By Henry Lee 1/22/15
A disgraced former California Highway Patrol officer accused of stealing racy cell phone photos from two women he had arrested did nothing wrong when, while stopping another woman for DUI, he did not respond to a fatal car fire, his attorney and the agency said Thursday.
Sean Harrington and his partner had stopped the woman for drunken driving about 12:30 a.m. Aug. 31 on Stone Valley Road in Alamo. Harrington was conducting a field sobriety test when Dr. Ronald Wyatt pulled up behind the car stop and reported seeing a car fire down the street, officials said.
Wyatt told KTVU that Harrington appeared to dismiss his concerns, saying he was busy on the car stop. Wyatt said he called 911 after returning to the fire and realizing that a man was inside the burning car.
The victim, 60-year-old Michael Sevenau of Alamo, had crashed while intoxicated and died of extensive burns, according to the Contra Costa County coroner’s office.
Harrington’s attorney, Michael Rains, said Harrington did nothing wrong and, in fact, had used his radio to ask dispatchers to send another CHP unit and firefighters to the burning car. CHP officials said the same thing.
Rains said it would have been improper for Harrington to have responded to a car fire and potentially allow the DUI suspect or her husband — who was the passenger and was also allegedly intoxicated — to drive away.
At the time of the car stop, Rains said, “They had no information that anybody was inside of the burning car to begin with. They could not have possibly driven away and left two intoxicated people with the car.”
Rains said his client did nothing improper with the woman’s phone.
The woman who was stopped, though, has said the encounter was not routine, and has accused Harrington of improperly accessing her cell phone. None of her photos were taken, her attorney said.
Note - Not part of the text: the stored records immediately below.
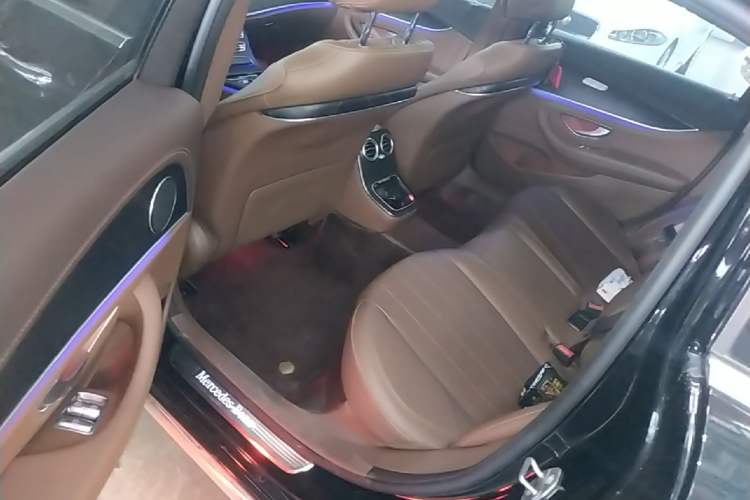 Used Mercedes-Benz E-Class New Energy 2022 Restyled E 350 e L Plug-in Hybrid Sedan Left Rear Seat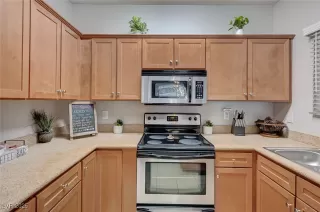 Photo #3: 2720900 Listing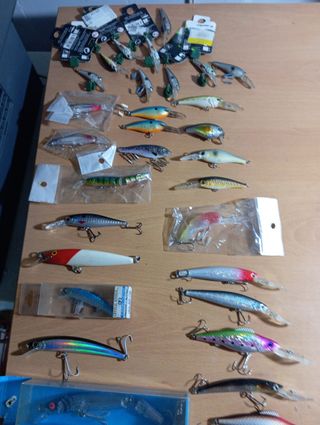 Lote de señuelos de pesca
The attorney, Rick Madsen, said Harrington asked the woman’s husband for her cell phone password and, the next day, drove in his personal vehicle to the couple’s Concord home, showing up unannounced with the woman’s empty purse.
She had already received its contents after being released from jail, but Harrington said the purse had been wedged in the seat of his patrol car, said Madsen, who called the visit “disturbing and highly irregular.”
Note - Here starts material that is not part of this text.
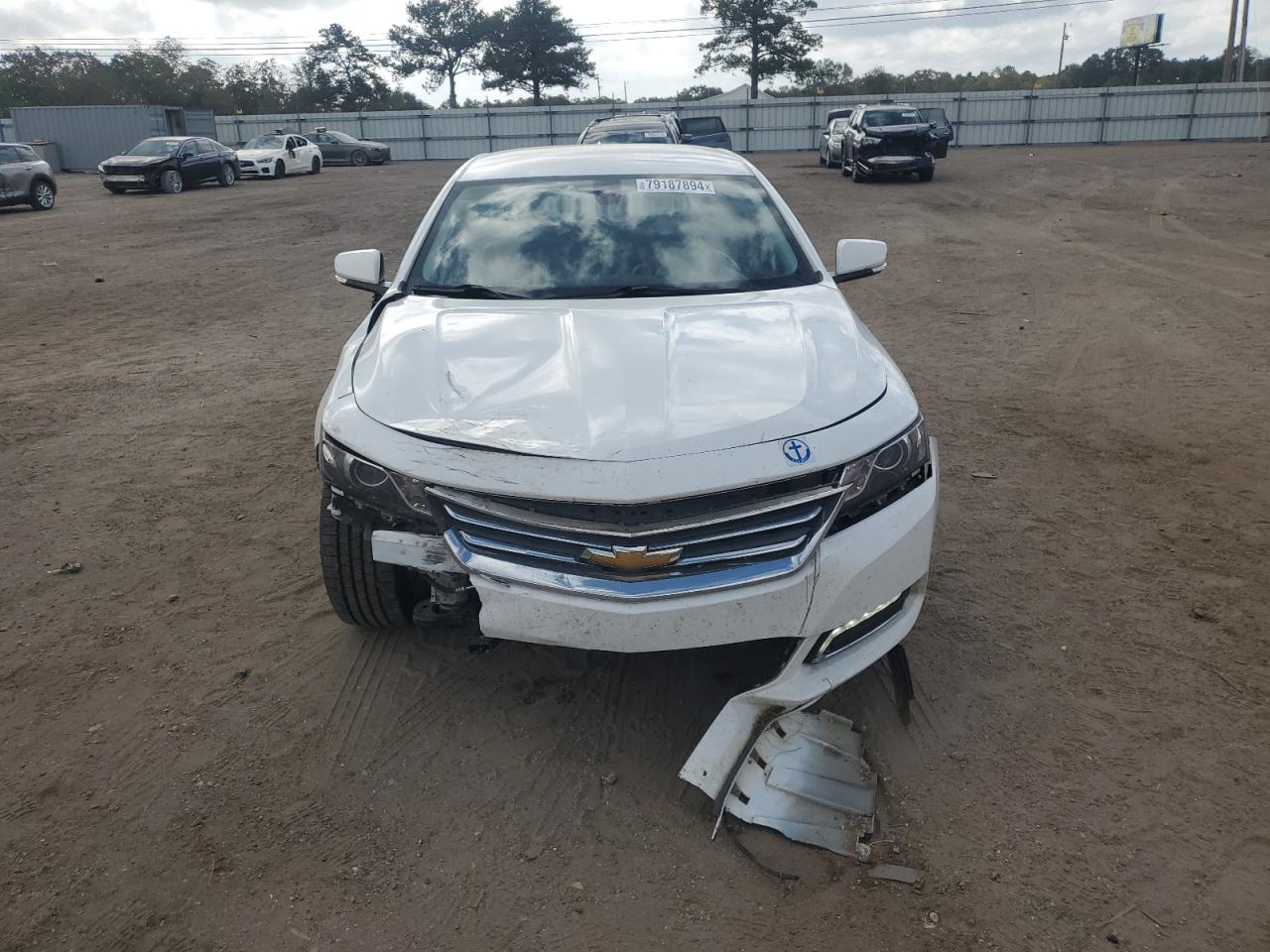 2018 CHEVROLET IMPALA LT photo 9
Rains said the woman’s husband had accidentally left the purse in the patrol car while getting a ride. Harrington decided to do the woman a favor by returning her purse as he was heading to a wedding with his wife on his day off, Rains said.
Harrington, who resigned from the CHP, is expected to plead guilty Tuesday in Contra Costa County Superior Court in Martinez in connection with the cell phone photos case, Rains said.
In that investigation, bikini photos of a 19-year-old woman were allegedly stolen by Harrington as she was undergoing X-rays after being involved in a suspected DUI crash in Livermore on Aug. 7.
“Taken from the phone of my 10-15x while she’s in X-rays,” Harrington allegedly texted fellow Dublin CHP Officer Robert Hazelwood. In police parlance, “10-15x” refers to a female arrestee.
Hazelwood responded, “No f— nudes?” wrote senior district attorney’s office inspector Darryl Holcombe in a search warrant affidavit.
Then on Aug. 29 — two days before the Alamo incident — Harrington secretly forwarded at least five photos that belonged to a 23-year-old woman he had arrested on suspicion of DUI in San Ramon, authorities said.
That woman found out what happened when she looked at her iPad, which was synced to her iPhone, authorities said. She hired Madsen and notified the district attorney’s office.
Prosecutors opted not to charge that woman in her DUI case because of Harrington’s alleged conduct.